──────── DATASET EXCERPT
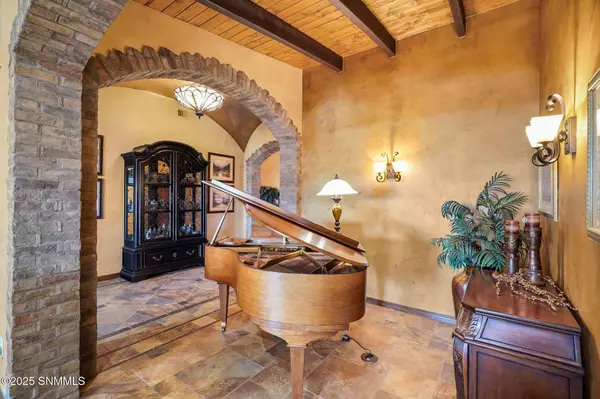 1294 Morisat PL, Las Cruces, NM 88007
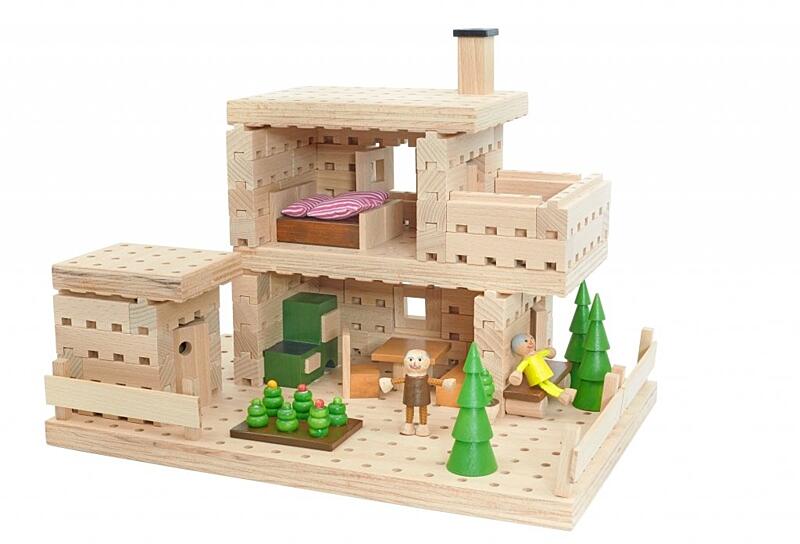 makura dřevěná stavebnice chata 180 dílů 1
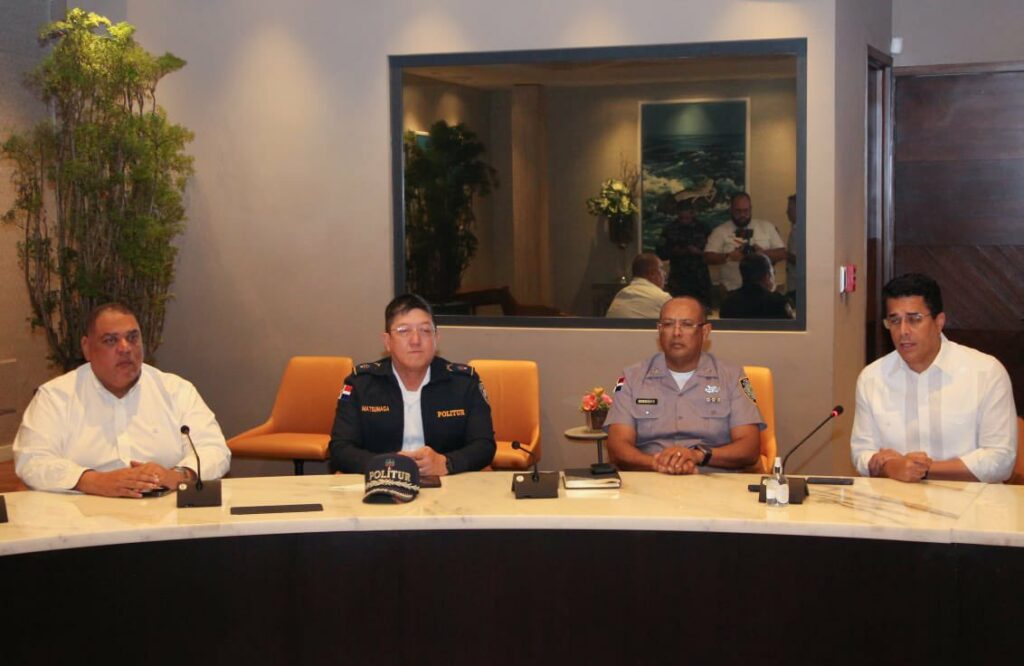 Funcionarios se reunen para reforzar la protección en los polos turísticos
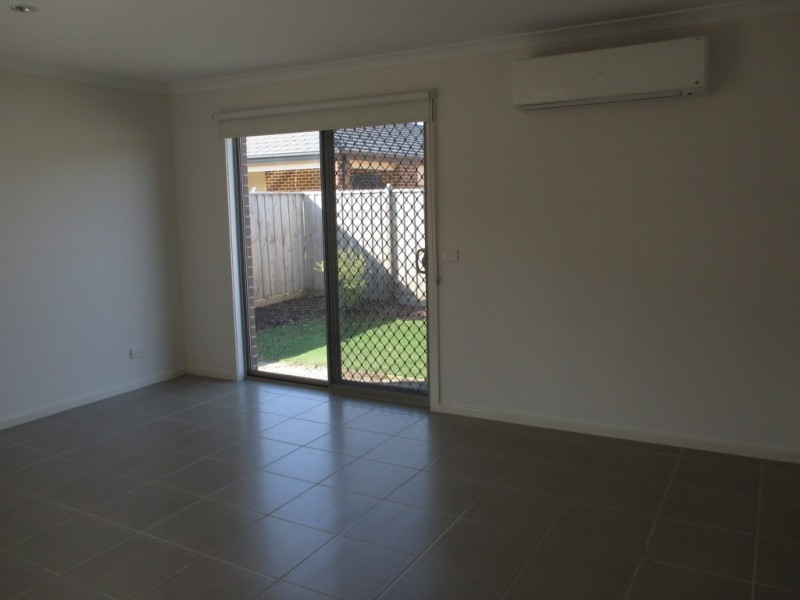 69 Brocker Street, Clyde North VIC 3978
────────────────
TASK OBJECTIVE
Hand back the data above exactly, leaving out all pictures.

TASK SOLUTION
 1294 Morisat PL, Las Cruces, NM 88007
 makura dřevěná stavebnice chata 180 dílů 1
 Funcionarios se reunen para reforzar la protección en los polos turísticos
 69 Brocker Street, Clyde North VIC 3978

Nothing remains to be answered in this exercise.